他有烟霞之癖,也有清醒的头脑。晚清民国时期,严复逐渐边缘化,但是有烟霞癖的严复仍然积极用世,并不消极,作为思想者,他冷眼看世界,热心著文章,不断对政局发出自己的声音。严复自拟书房联语曰:“有王者兴必来取法,虽圣人起不易吾言。”此岂一鸦片鬼所能言?这是严复个人的文化自信。
在清末,日俄战争,他预言俄国将战败;在民国,第一次世界大战,他预言德国必败,因而主张中国加入协约国阵营(《与熊纯如书》)。可谓夫人不言,言必有中,因为他有广阔的全球视野,熟知世界大势,有博通的学识,有深刻思想,更有丰富的人生经验。
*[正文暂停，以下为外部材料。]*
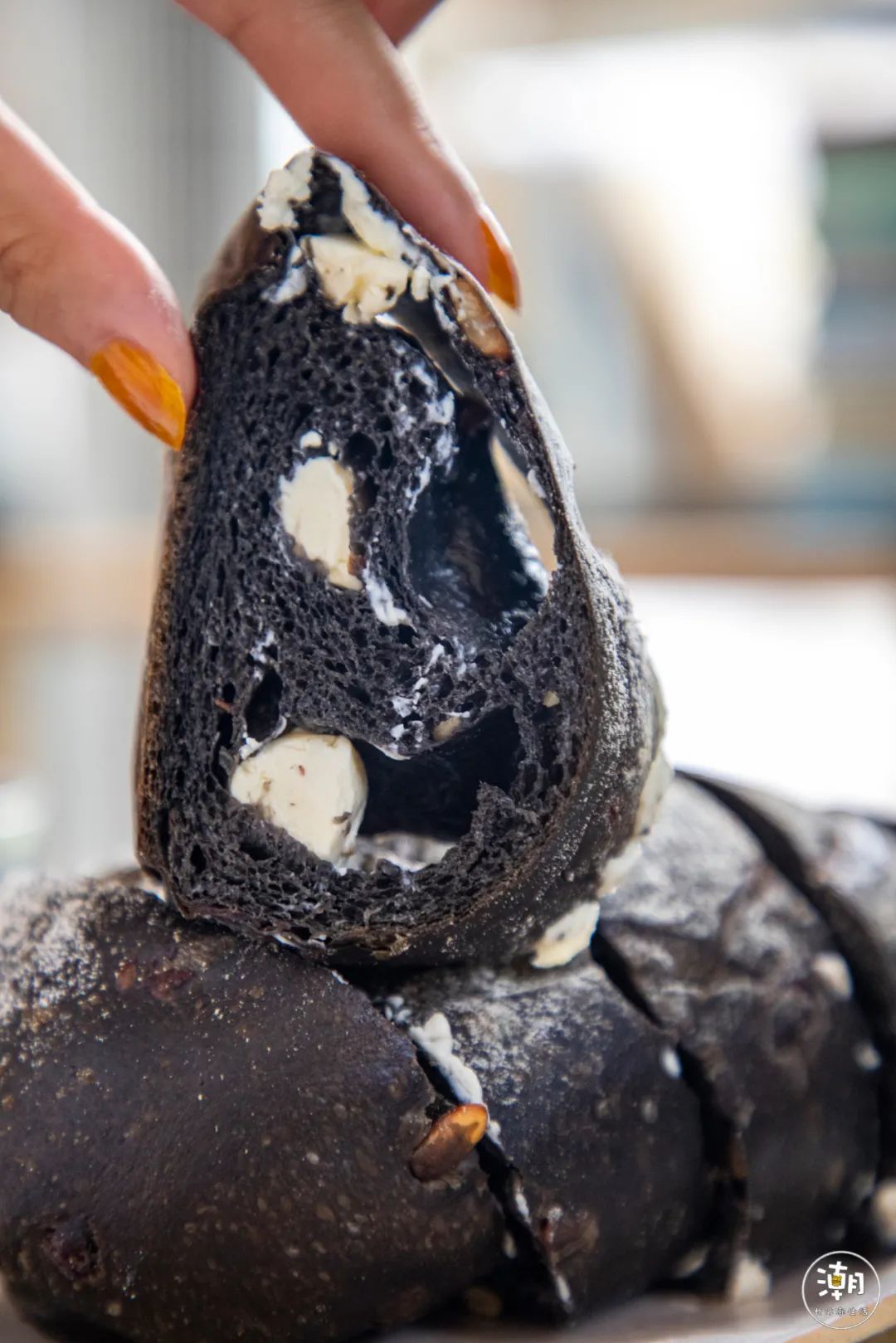 长沙10大面包店,长沙面包店有哪些品牌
19世纪、20世纪之交,美国的《排华法案》和帝国主义的侵凌,激起中国人民掀起排外风潮。民情激愤,举国汹汹,仇视外国人,排斥异域文化,但思想者严复坚持独立思考,冷静、理智对待排外事件,1902年作《与外交报主人书》曰:
窃谓处今日之中国,以势力论,排外无可言者矣,必欲行之,在慎勿自侮、自伐而已。徒倡排外之言,求免物竞之烈,无益也。与其言排外,诚莫若相勖于文明。果文明乎,虽不言排外,必有以自全于物竞之际;而意主排外,将排外不能,而终为文明之大梗。
1905年上海等地掀起了抵制美货爱国运动,严复1906年致友人曹典球函曰:“逮今夏四月而后返沪,适值抵制美约事起,群情汹汹。仆以为抵制是也,顾中国民情暗野,若鼓之过厉,将抉藩破防,徒授人以柄,使人得先我而防之者,天下之至危也。”早在戊戌变法期间他就发文《有如三保》,论证了“驱夷闭关之说不可行”。
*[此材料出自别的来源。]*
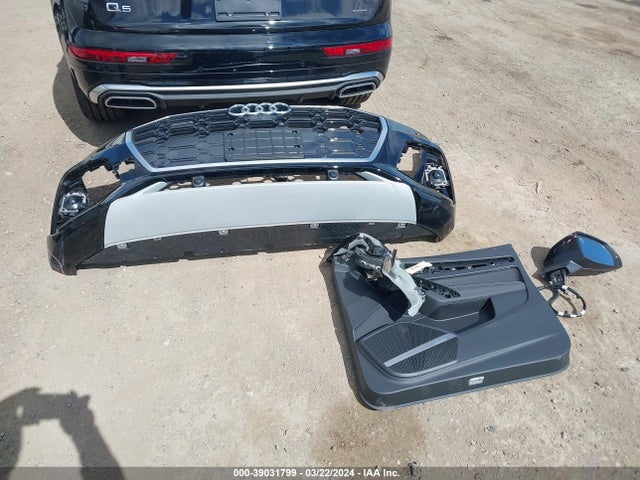 WA1EAAFY4R2003095 Audi Q5 Premium Plus 45 Tfsi S Line Quattro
不赞同排外,不等于不爱国。严复更是一位爱国君子,平生文字皆为醒世救国而作。《有如三保》记海外华裔爱国言行,何尝不是一洒忧国之泪:
马尾船政有一法国教习,娶粤女,生二女一男,后举家归法。时德占胶州,俄租旅顺,列强瓜分中国之局已具。二女每日阅报必关注中国事,阅此消息,大哭,嘱其弟努力学习,日后归国效力。
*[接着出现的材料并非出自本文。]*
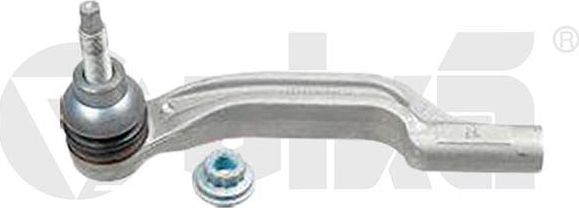 Наконечник рулевой тяги Vika. Артикул 41083801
弘扬爱国主义,但不赞同极端民族主义。严复观察第一次世界大战,认为祸起民族主义,“彼之相为屠戮者,犹以种族异耳”,题诗曰“由来爱国说男儿,权利纷争总祸基”。诗后记英国女英雄之言:“爱国,爱国一言,殊未足以增进人道也。”
严复忧心国人经常陷入极端、盲从,将国家带入危险的境地,晚年致函弟子熊纯如:“将亡之国,处处皆走极端,波兰前史,可为殷鉴,人人自诡救国,实人人皆抱薪救火之夫,他日及之后知,履之后艰,虽痛哭流涕,戟指呵詈其所崇拜盲从之人,亦已晚矣。”他认为其根源是,人们既不懂儒家中庸之道,又缺乏科学素养和理性精神。《与外交报主人书》曰:“其人既不通科学,则其争论必多不根,而于天演消息之微,不能喻也。此未必不为吾国前途之害。故中国此后教育,在在宜著意科学,使学者之心虑沉潜,浸润于因果实证之间。”严复是中国近代第一位科学主义者,已为学界所公认;其科学救国思想和行动,是五四精神的先声。
国事蜩螗,他忧心如焚。辛亥革命期间,致张元济书曰“中国之至于贫弱腐败如今日者,此其过不尽在满清,而吾汉族亦不得为无罪”。不失为理性独得之见。1916年夏天,正当沧海横流之时,严复浩叹:“呜呼,中国之亡,人人有责。”致弟子熊纯如函曰:“吾辈托生东方,天赋以国。今乃以垂老之日,目击危亡之机,欲为挽救之图,早夜思维,常苦无术。”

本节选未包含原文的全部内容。